Segment Open

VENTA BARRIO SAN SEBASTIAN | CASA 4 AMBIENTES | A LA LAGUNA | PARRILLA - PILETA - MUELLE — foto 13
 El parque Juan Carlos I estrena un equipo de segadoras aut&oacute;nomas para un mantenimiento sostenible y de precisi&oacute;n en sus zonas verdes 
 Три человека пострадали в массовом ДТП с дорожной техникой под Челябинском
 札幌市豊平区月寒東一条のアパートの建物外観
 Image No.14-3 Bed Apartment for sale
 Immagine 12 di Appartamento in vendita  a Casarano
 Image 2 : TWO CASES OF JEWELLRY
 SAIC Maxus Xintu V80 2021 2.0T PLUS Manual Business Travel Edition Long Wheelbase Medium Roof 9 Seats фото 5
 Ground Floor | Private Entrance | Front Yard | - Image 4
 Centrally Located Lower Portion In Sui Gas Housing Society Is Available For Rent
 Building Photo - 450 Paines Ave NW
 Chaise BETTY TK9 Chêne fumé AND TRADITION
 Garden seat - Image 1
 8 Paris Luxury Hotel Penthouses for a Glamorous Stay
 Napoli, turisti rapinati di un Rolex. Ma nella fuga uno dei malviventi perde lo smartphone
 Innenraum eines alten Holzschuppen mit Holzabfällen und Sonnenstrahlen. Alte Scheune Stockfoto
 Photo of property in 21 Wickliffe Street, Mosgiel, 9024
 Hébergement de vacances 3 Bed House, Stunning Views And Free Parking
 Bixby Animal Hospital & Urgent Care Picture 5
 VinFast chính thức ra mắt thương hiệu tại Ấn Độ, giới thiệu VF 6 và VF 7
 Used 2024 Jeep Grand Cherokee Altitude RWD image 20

Segment Closed

◆ **Exercise prompt**
Restate, without alteration, the lines of the material above that begin at the one containing "Bixby Animal Hospital" and run through its last line.

◆ **Task response**
 Bixby Animal Hospital & Urgent Care Picture 5
 VinFast chính thức ra mắt thương hiệu tại Ấn Độ, giới thiệu VF 6 và VF 7
 Used 2024 Jeep Grand Cherokee Altitude RWD image 20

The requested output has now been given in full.